I think Cowen is on to something important. Don’t you?
Some Books Just Aren’t Worth Reading all the Way to the End
My wife’s mother read the newspaper. I mean she really read the newspaper — from cover to cover. (She passed away last summer). When she would visit us, in Los Angeles and later in Dallas, the Sunday paper was a big challenge for her. She would sit in the chair, and tackle that massive stack of sections — much larger than the Sunday papers she received in her home town of Abilene, Tx. It took her a long time, but she plowed through each section. When she finished, she would let out a sound that was a cross between relief, accomplishment, and exasperation. And she would say simply: “finally!”
I thought of this as I read two posts on Andrew Sullivan’s blog, In Praise Of Not Finishing Books, springing from an article in The Washington Times by Kelly Jane Torrance, referencing Tyler Cowen, a George Mason University economics professor, from his book “Discover Your Inner Economist.” (Read these here and here and here).
Here’s an excerpt from the article:
No matter what you choose, though, you’re bound to run into the same problem eventually: What should you do when, 20, 50 or 100 pages in, you realize you just don’t like a book?

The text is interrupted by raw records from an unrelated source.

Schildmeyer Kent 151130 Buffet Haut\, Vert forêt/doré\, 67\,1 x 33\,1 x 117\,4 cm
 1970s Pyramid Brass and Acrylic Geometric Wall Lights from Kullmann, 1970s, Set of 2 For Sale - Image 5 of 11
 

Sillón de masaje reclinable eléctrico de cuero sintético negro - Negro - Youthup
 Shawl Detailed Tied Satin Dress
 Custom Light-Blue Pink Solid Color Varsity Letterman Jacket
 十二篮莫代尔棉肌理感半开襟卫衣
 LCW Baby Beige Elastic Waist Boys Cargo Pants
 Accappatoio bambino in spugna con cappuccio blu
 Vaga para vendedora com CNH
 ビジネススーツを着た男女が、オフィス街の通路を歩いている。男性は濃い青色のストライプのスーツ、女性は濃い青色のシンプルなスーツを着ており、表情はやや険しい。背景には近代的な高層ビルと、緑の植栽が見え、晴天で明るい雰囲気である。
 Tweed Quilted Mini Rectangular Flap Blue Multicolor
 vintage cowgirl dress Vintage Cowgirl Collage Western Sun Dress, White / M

You could spend your entire summer slogging through it. Or you could take the advice of a prominent economist who simply advises: “Give up.” Tyler Cowen, a George Mason University economics professor, makes the suggestion in his book “Discover Your Inner Economist,” which shows how to use economic reasoning to improve your life. Scarcity is one principle — a lack of attention and time keeps us from being as cultured as we’d like. We should ask ourselves if reading a book we’re getting little out of is the best use of scarce resources.
This is a pretty good principle to follow for a number of business books. I have stated more than once that many business books are not worth reading — they are worth having read. There is no virtue in reading for reading’s sake. The virtue is in learning (I’m speaking here of reading books as part of our “work/development.” There is always virtue in reading for enjoyment. But most people choose authors other than business book authors for such reading).
Here’s another quote from the article:
“Don’t slog your way through books just so your reading list will conform with other people’s ideas about what’s hot or what’s smart. Find the books that compel you from first page to last.” Don’t take these readers’ words for it. A no less august reader than Samuel Johnson declared, as Mr. Cowen quotes in his book, “A man ought to read just as inclination leads him; for what he reads as a task will do him little good.”
This is one ofthe values provided by the First Friday Book Synospis. We read the books, all the way to the end, so that you can save and invest your precious reading time for other books. Or, we let you know that “this book” is worth the investment of your time.
I think the honesty of these articles is true, and refreshing. Some books really are worth “quitting on.” (And no, I’m not about to name names or titles!)